───── DATA EXTRACT
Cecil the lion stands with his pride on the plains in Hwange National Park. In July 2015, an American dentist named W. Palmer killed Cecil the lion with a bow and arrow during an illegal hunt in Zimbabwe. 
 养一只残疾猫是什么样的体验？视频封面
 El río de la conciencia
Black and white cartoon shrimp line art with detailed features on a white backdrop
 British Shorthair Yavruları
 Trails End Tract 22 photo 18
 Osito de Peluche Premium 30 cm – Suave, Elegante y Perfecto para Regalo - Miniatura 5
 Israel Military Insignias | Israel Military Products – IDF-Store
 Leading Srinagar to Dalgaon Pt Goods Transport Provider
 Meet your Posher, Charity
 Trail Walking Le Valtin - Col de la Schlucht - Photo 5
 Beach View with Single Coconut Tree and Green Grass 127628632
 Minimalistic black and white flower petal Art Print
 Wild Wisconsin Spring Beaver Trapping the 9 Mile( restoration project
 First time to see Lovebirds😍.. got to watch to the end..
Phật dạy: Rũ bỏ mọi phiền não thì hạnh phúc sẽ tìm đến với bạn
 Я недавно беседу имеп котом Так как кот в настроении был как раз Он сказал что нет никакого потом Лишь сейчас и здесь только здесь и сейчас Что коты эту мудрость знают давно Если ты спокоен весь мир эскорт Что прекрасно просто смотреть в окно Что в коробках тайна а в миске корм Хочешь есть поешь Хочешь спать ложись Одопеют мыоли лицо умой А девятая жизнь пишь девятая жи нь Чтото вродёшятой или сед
──────────
▶ _PROBLEM DESCRIPTION_
Would you print exactly and only the lines of the material above that run from the line with "Black and white cartoon" through the line with "Phật dạy: Rũ", both included?

▶ _RESPONSE BELOW_
Black and white cartoon shrimp line art with detailed features on a white backdrop
 British Shorthair Yavruları
 Trails End Tract 22 photo 18
 Osito de Peluche Premium 30 cm – Suave, Elegante y Perfecto para Regalo - Miniatura 5
 Israel Military Insignias | Israel Military Products – IDF-Store
 Leading Srinagar to Dalgaon Pt Goods Transport Provider
 Meet your Posher, Charity
 Trail Walking Le Valtin - Col de la Schlucht - Photo 5
 Beach View with Single Coconut Tree and Green Grass 127628632
 Minimalistic black and white flower petal Art Print
 Wild Wisconsin Spring Beaver Trapping the 9 Mile( restoration project
 First time to see Lovebirds😍.. got to watch to the end..
Phật dạy: Rũ bỏ mọi phiền não thì hạnh phúc sẽ tìm đến với bạn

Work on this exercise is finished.